15) \(y=(3x^2+3x−1)^4\)
16) \(y=(5−2x)^{−2}\)
- Answer
- \(\dfrac{dy}{dx}=\dfrac{4}{(5−2x)^3}\)
17) \(y=\cos^3(πx)\)
18) \(y=(2x^3−x^2+6x+1)^3\)
- Answer
- \(\dfrac{dy}{dx}=6(2x^3−x^2+6x+1)^2⋅(3x^2−x+3)\)
19) \(y=\dfrac{1}{\sin^2(x)}\)
20) \(y=\big(\tan x+\sin x\big)^{−3}\)
- Answer
- \(\dfrac{dy}{dx}=−3\big(\tan x+\sin x\big)^{−4}⋅(\sec^2x+\cos x)\)
21) \(y=x^2\cos^4x\)
22) \(y=\sin(\cos 7x)\)
- Answer
- \(\dfrac{dy}{dx}=−7\cos(\cos 7x)⋅\sin 7x\)
23) \(y=\sqrt{6+\sec πx^2}\)
24) \(y=\cot^3(4x+1)\)
- Answer
- \(\dfrac{dy}{dx}=−12\cot^2(4x+1)⋅\csc^2(4x+1)\)
25) Let \(y=\big[f(x)\big]^3\) and suppose that \(f′(1)=4\) and \(\frac{dy}{dx}=10\) for \(x=1\). Find \(f(1)\).
26) Let \(y=\big(f(x)+5x^2\big)^4\) and suppose that \(f(−1)=−4\) and \(\frac{dy}{dx}=3\) when \(x=−1\). Find \(f′(−1)\)
- Answer
- \(f′(−1)=10\frac{3}{4}\)
27) Let \(y=(f(u)+3x)^2\) and \(u=x^3−2x\). If \(f(4)=6\) and \(\frac{dy}{dx}=18\) when \(x=2\), find \(f′(4)\).
28) [T] Find the equation of the tangent line to \(y=−\sin(\frac{x}{2})\) at the origin. Use a calculator to graph the function and the tangent line together.
- Answer
- \(y=-\frac{1}{2}x\)
29) [T] Find the equation of the tangent line to \(y=\left(3x+\frac{1}{x}\right)^2\) at the point \((1,16)\). Use a calculator to graph the function and the tangent line together.
30) Find the \(x\) -coordinates at which the tangent line to \(y=\left(x−\frac{6}{x}\right)^8\) is horizontal.
- Answer
- \(x=±\sqrt{6}\)
31) [T] Find an equation of the line that is normal to \(g(θ)=\sin^2(πθ)\) at the point \(\left(\frac{1}{4},\frac{1}{2}\right)\). Use a calculator to graph the function and the normal line together.
For exercises 32 - 39, use the information in the following table to find \(h′(a)\) at the given value for \(a\).

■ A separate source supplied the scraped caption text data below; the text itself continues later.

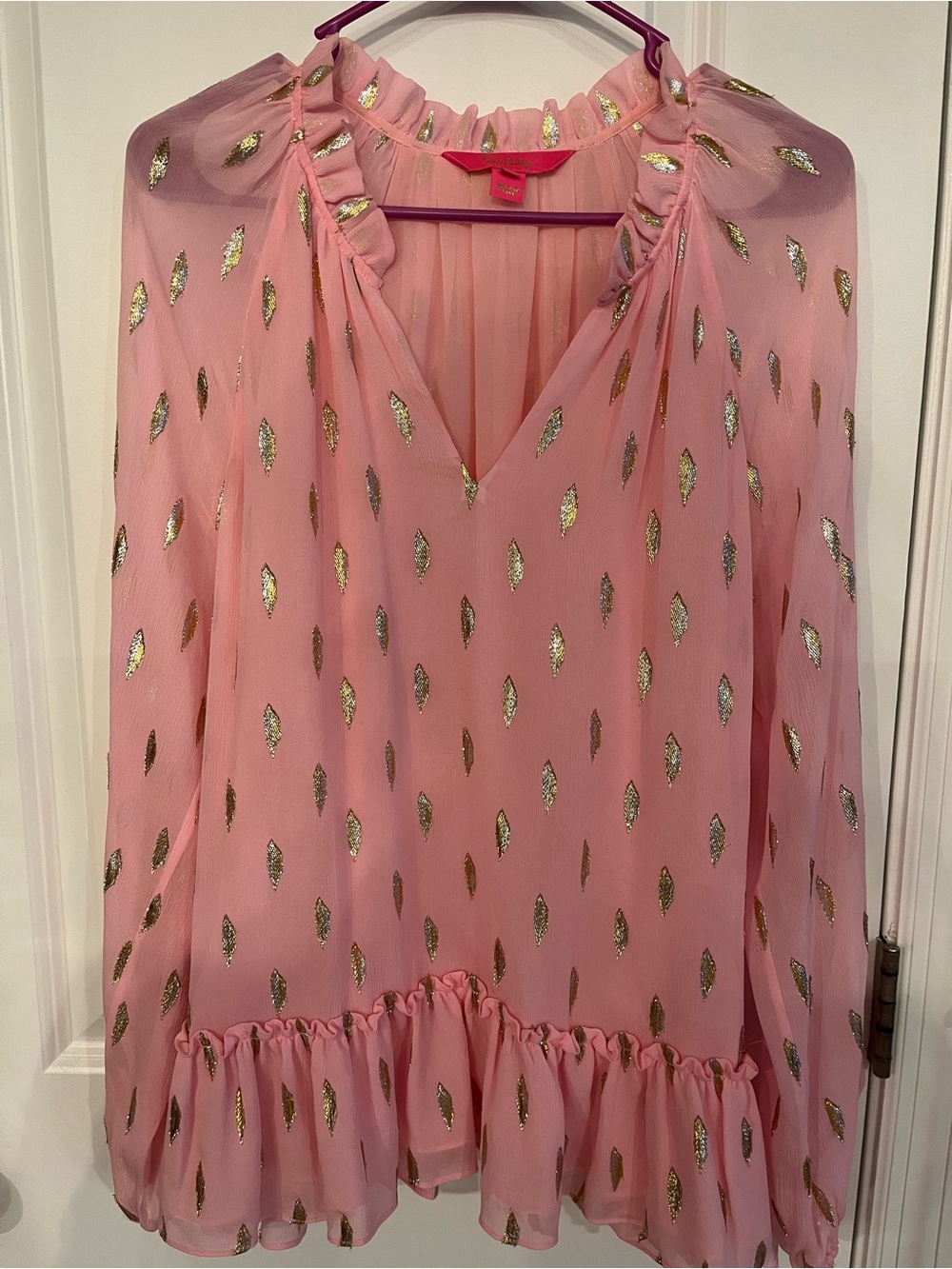 Lilly Pulitzer Pink Chiffon Blouse with Gold Foil Leaf Print - Picture 2 of 6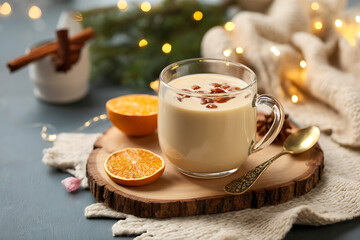 Warm beverage in a glass sits on a wooden board with festive decorations.
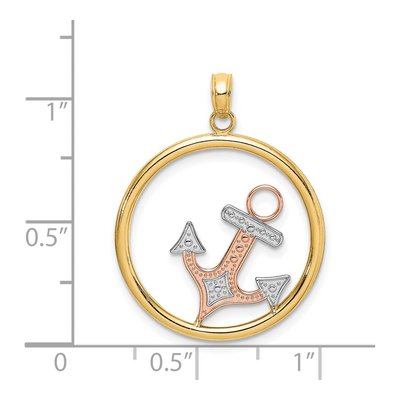 14K Two-Tone Gold Anchor Circle Pendant – view 4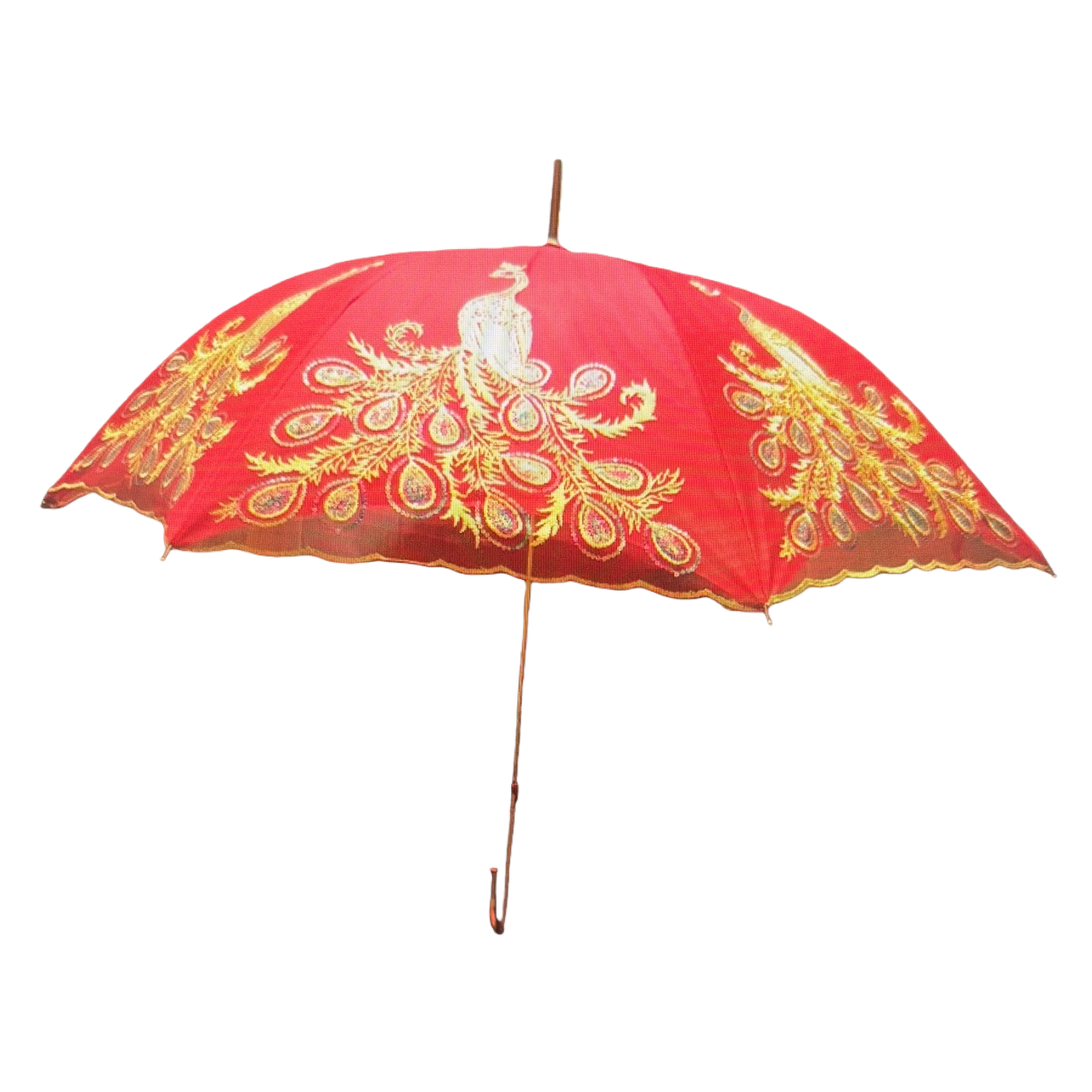 Pavo real rojo bordado sol lluvia paraguas de doble uso impermeable protección solar sombreado plegable portátil Item Picture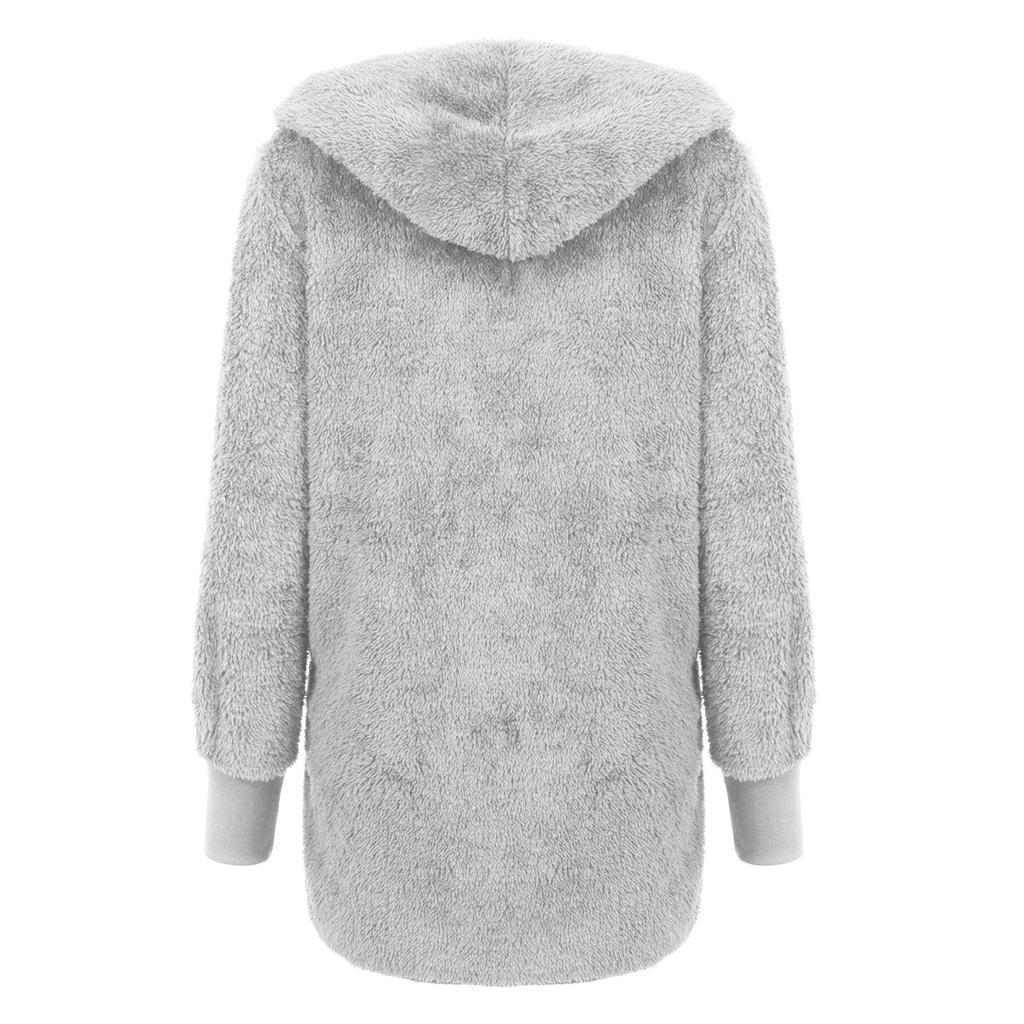 Women's Fashion Cardigan Solid Color Plush Long Sleeve Top Coat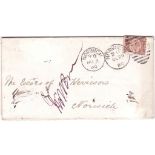 Banking - Harvey & Hudson Bank 1880 Letter with 1/2d rose red plate 12, tied by November '575'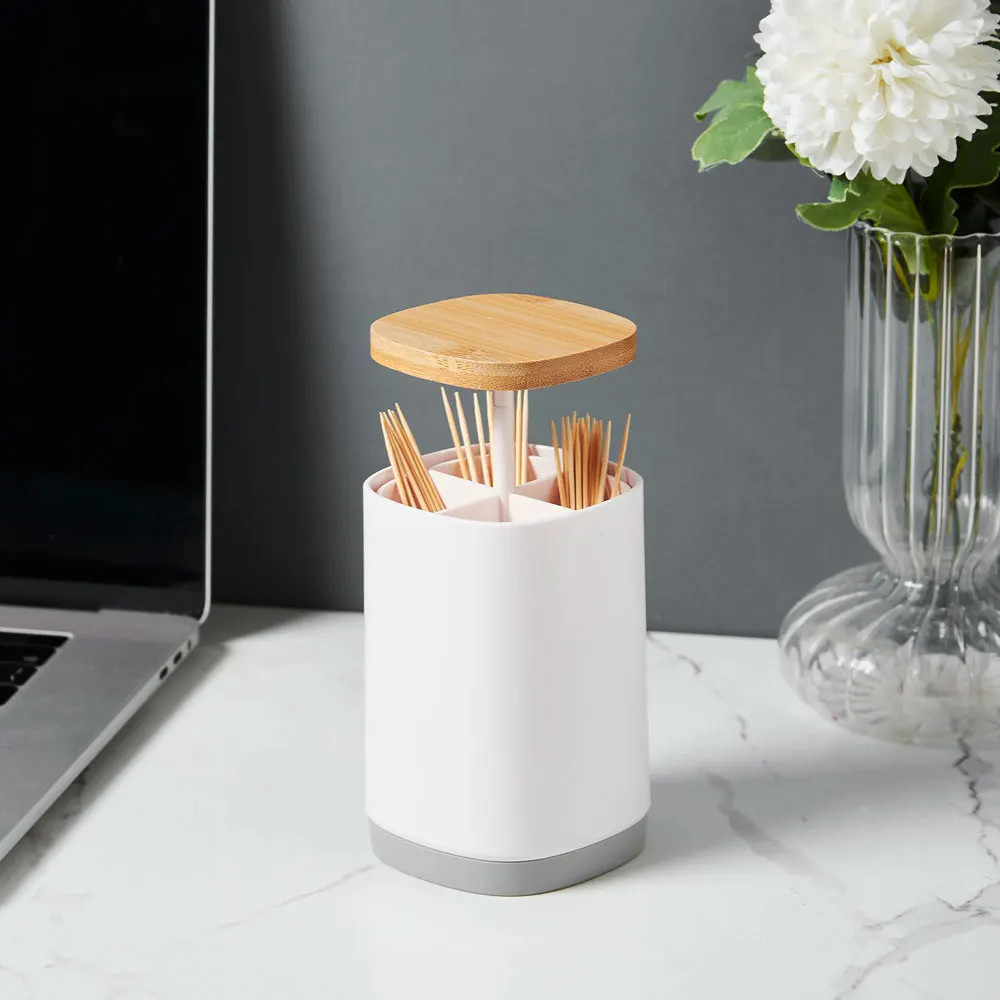 Portable Press Automatic Pop up Toothpick Case Plastic Office and Kitchen Organizer for Sundries Use Eco-Friendly Plastic Holder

\(x\) | \(f(x)\) | \(f'(x)\) | \(g(x)\) | \(g'(x)\) |
0 | 2 | 5 | 0 | 2 |
1 | 1 | −2 | 3 | 0 |
2 | 4 | 4 | 1 | −1 |
3 | 3 | −3 | 2 | 3 |
32) \(h(x)=f\big(g(x)\big);\quad a=0\)
- Answer
- \(h'(0) = 10\)
33) \(h(x)=g\big(f(x)\big);\quad a=0\)
34) \(h(x)=\big(x^4+g(x)\big)^{−2};\quad a=1\)
- Answer
- \(h'(1) = −\frac{1}{8}\)
35) \(h(x)=\left(\dfrac{f(x)}{g(x)}\right)^2;\quad a=3\)
36) \(h(x)=f\big(x+f(x)\big);\quad a=1\)
- Answer
- \(h'(1) = −4\)
37) \(h(x)=\big(1+g(x)\big)^3;\quad a=2\)
38) \(h(x)=g\big(2+f(x^2)\big);\quad a=1\)
- Answer
- \(h'(1) = −12\)
39) \(h(x)=f\big(g(\sin x)\big);\quad a=0\)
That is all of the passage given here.